When you face criminal charges, you will either go to a state court or a federal court. It depends on the criminal charges as to which court will hear your case. If you face federal charges, your case will involve a federal prosecutor and take place in federal court. You must go through the federal court system for anything involving your case, which includes an appeal.
According to the United States Department of Justice, you may appeal a criminal conviction if you have been wrongfully convicted. However, when appealing a case, the Court of Appeals does not conduct a new trial. Instead, you must prove that there was a mistake or issue in your original trial that makes it invalid.

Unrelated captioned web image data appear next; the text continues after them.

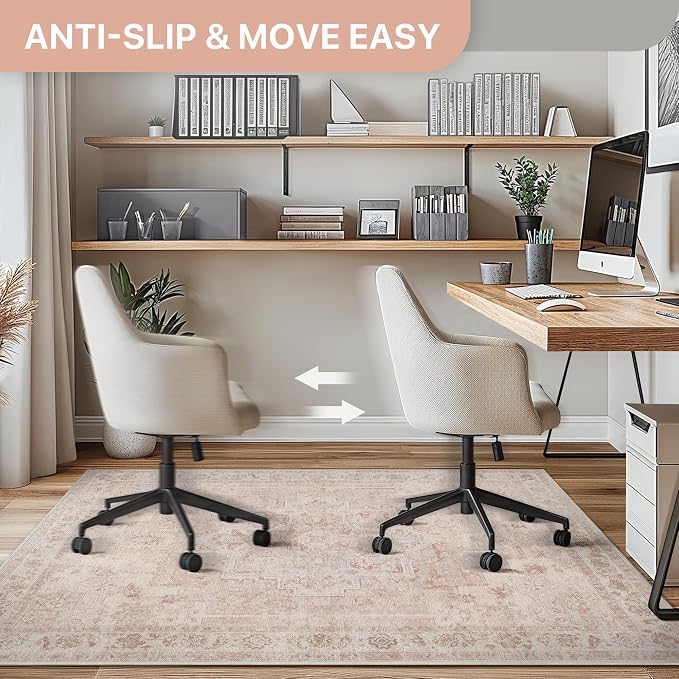 48"x60" Office Chair Mat for Hardwood Tile Floor, Under Desk Carpet Protector for Rolling Computer Chair Mat, Machine Washable Area Rug, Anti-Slip 1/5" Thick Low Pile Thin Vinyl Floor Mat, Light Pink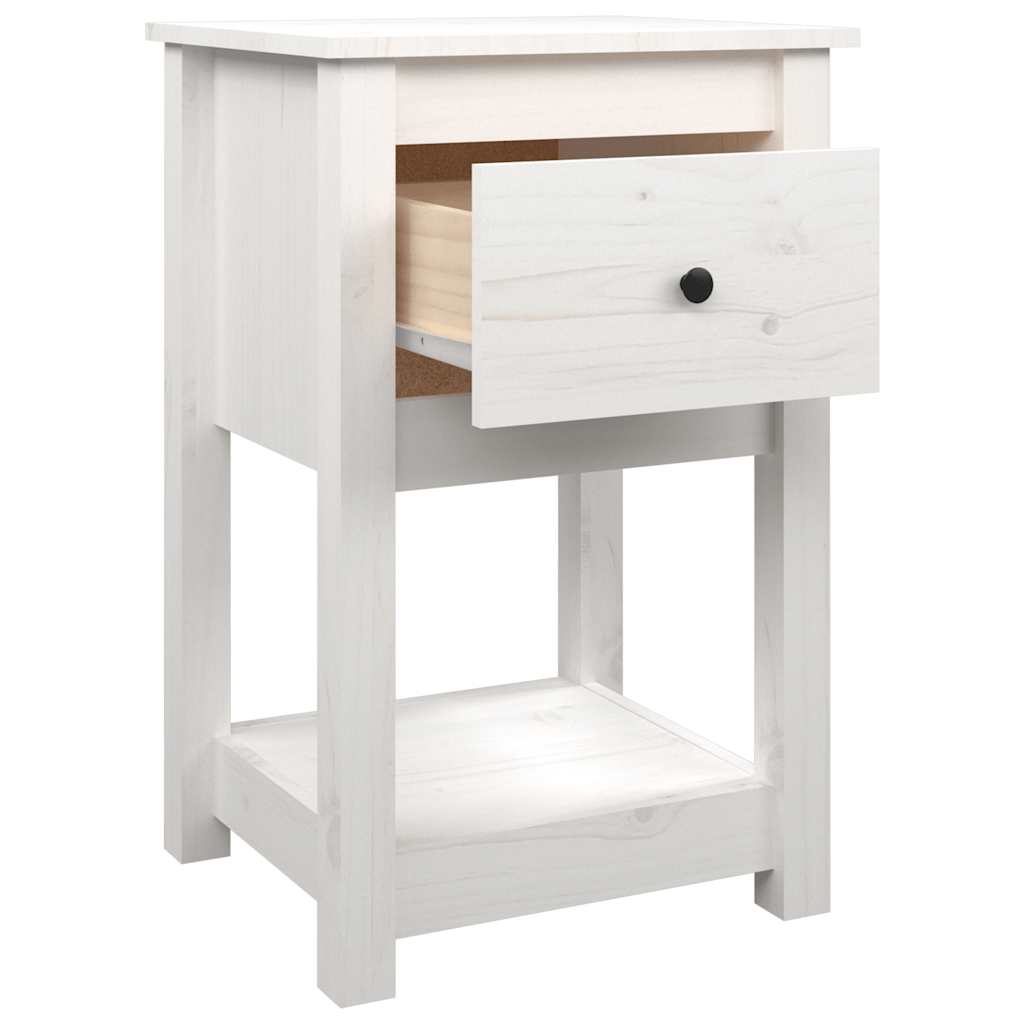 Comodini 2 pz Bianca 40x35x61,5 cm in Legno Massello di Pino | homemem39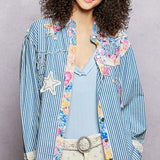 Blue Stripe Blooms + Stars Stripe Button Shacket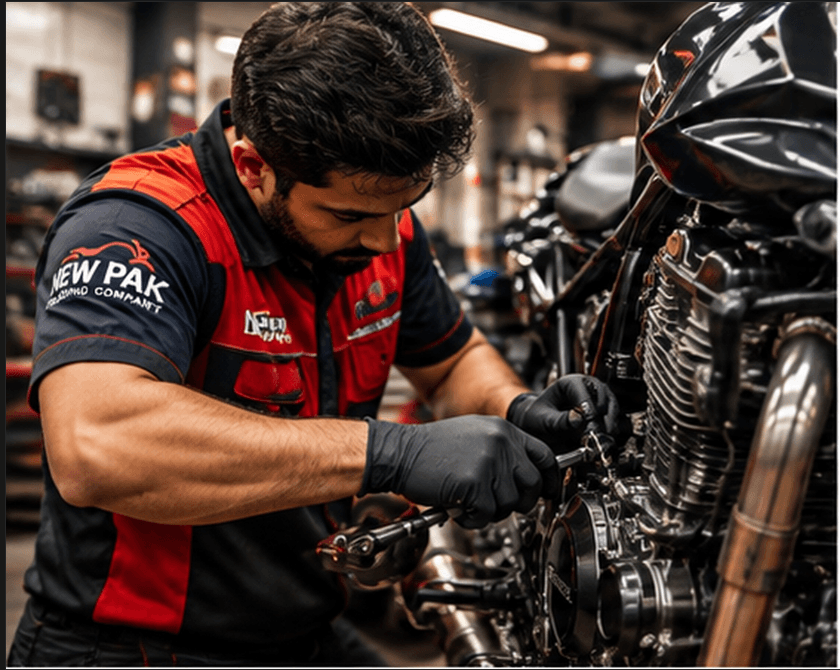 New Pak Trading Company technician in a branded uniform servicing a motorcycle engine in the Rawalpindi workshop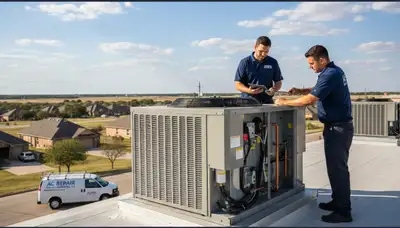 Professional AC repair technician servicing air conditioner unit in Dallas, TX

Appeals require that you or your counsel successfully argue that a mistake of law was made by the District Court which entitles you to relief on appeal.
If you want to appeal your case, you will have to do so through the Court of Appeals. If you do not agree with the decision of the appeals court, your only other option is to take your case to the U.S. Supreme Court. The Supreme Court only hears a small fraction of cases, and the court, typically, limits itself to hearing cases which have broad implications. The Supreme Court does not have an obligation to hear all appeals.
An appeal to the Court of Appeals may end with the court sending your case back to the lower court for a new trial. The Court may also reverse the ruling of a lower court or change your sentence. If the court upholds the lower court’s ruling, it means that it agrees with the lower court, and nothing about your case or sentence will change.